I am trying to encode the 'subject' field, written in Hebrew, of an email into Base64 so that the subject can be read correctly in all browsers. At the moment, I am using the encoding Windows-1255 which works on some clients but not all, so I want to use utf-8, base64.
My reading on the subject (no pun intended) shows that the text has to be in the form
=?<charset>?<encoding>?<encoded text>?=
eg
=?windows-1255?Q?=E0=E1?=
I have taken encoded subject lines from letters which were sent to me in Hebrew with UTF-8B encoding and decoded them successfully on this website, www.webatic.com/run/convert/base64.php. I have also used this website to encode simple letters and have noticed that the return encoding is not the same as the result which I get from a Delphi algorithm.

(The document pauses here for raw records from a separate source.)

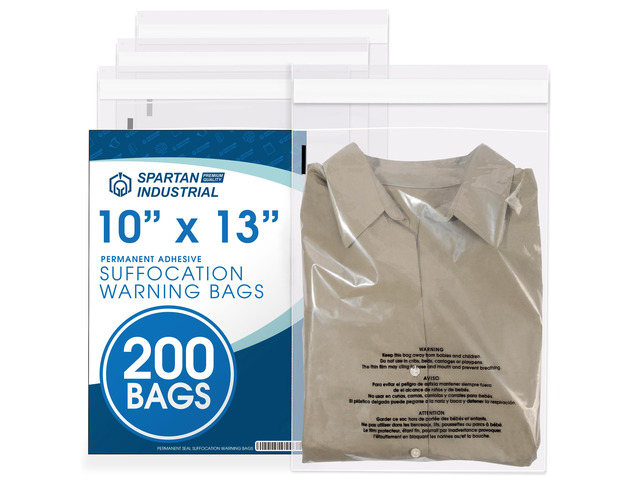 10 X 13 (200 Count) Self Seal Clear Poly Bags with Suffocation Warning for Packaging, T Shirts - Permanent Adhesive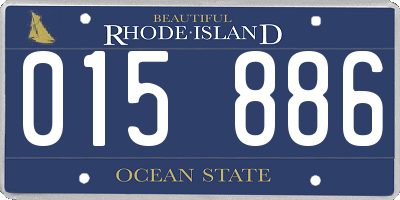 RI license plate 015886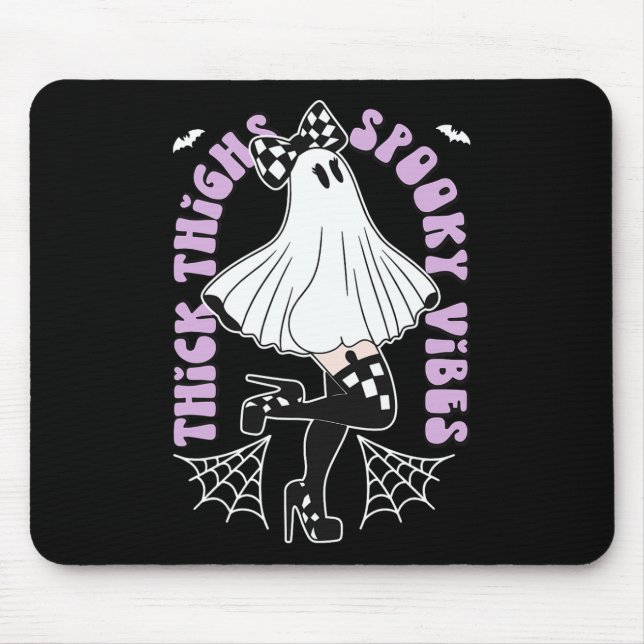 Mousepad Coxas Loucas Víblias Ghost Bats Ghost Halloween Ar (Frente)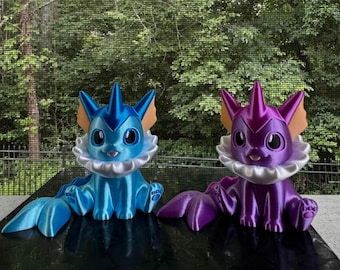 Vaporeon 3d Print COLORED 3 Inches- Pokemon - Metallic Shine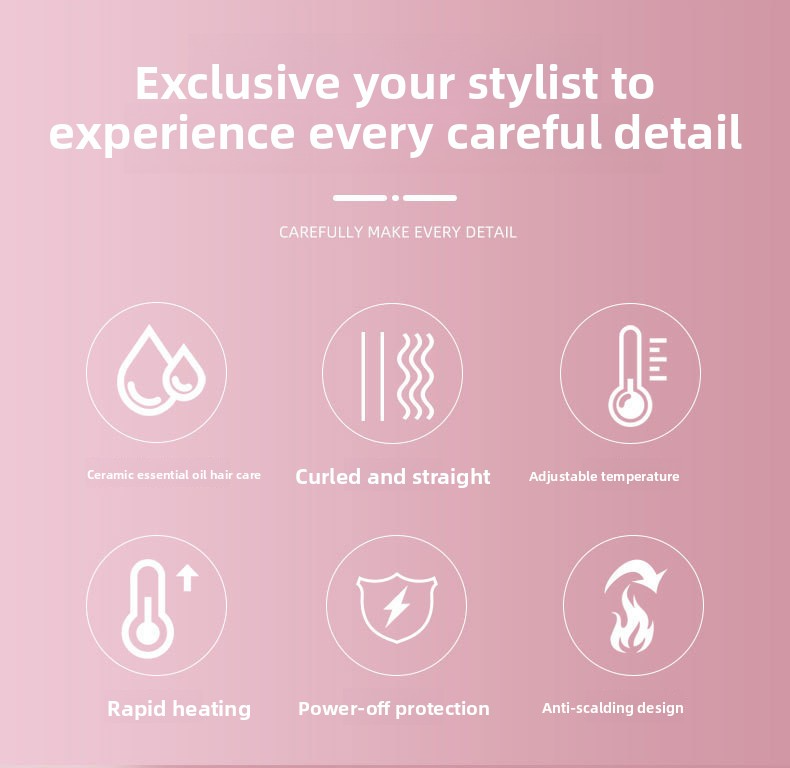 Mini Hair Straightener & Curling Iron - Dual Voltage For Wet/Dry Hair Anti-Scald Design With Ceramic Plates (Perfect For Air Bangs & Travel)_voghion.com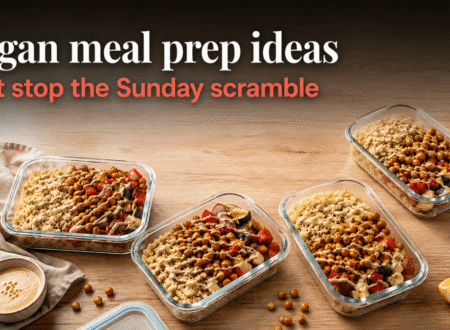 vegan meal prep ideas in glass containers with quinoa, roasted chickpeas, and tahini sauce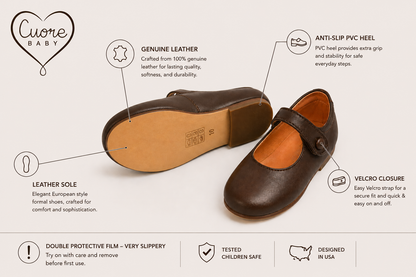 Genuine Leather Mary Jane girl shoes. Private school Mary Jane shoes. Dark brown Mary Jane leather shoes.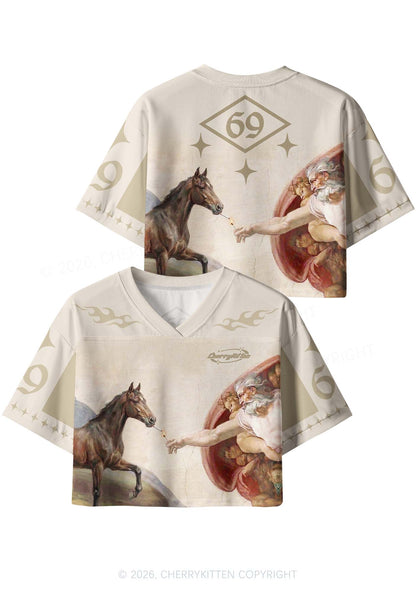 God Smoking Horse Y2K Crop Sport Jersey Shirts Cherrykitten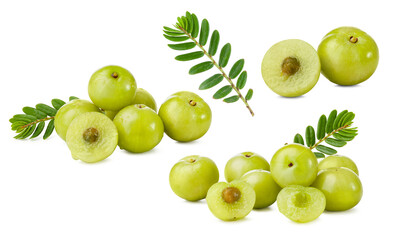 set of Amla or Indian gooseberry with leaf isolated on white background.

So - I am looking for an algorithm which successfully encodes letters such as aleph (ord=224), bet (ord=225), etc. According to the website, the string composed of the two letters aleph and bet returns the code 15DXkq==, but the basic Delphi algorithm returns Ue4 and the TIdEncoderQuotedPrintable component returns =E0=E1 (which is the ISO-8859 encoding).
Edit (after several comments):
I asked a friend to send me an email from her Mac computer, which unsurprisingly uses UTF-8 encoding (as opposed to Windows-1255). The subject was one letter, aleph, ord 224. The encoded subject appeared in the email's header as follows
=?UTF-8?B?15A=?=
This can be separated into three parts: the 'prefix' (=?UTF-8?B?) which means that UTF-8 with base64 encoding is being used; the 'payload' (15A=), which the web site which I quoted translates this correctly as the letter aleph; and the suffix (?=).
I need an algorithm to translate an arbitrary string of letters, most of which will be in Hebrew (and thus with ord >= 224) into base64/utf-8; a correct solution is one that decodes correctly on the web site quoted.
UTF8Encode(I think). And then pass through a base 64 encoder. There's one in the EncdDecd unit.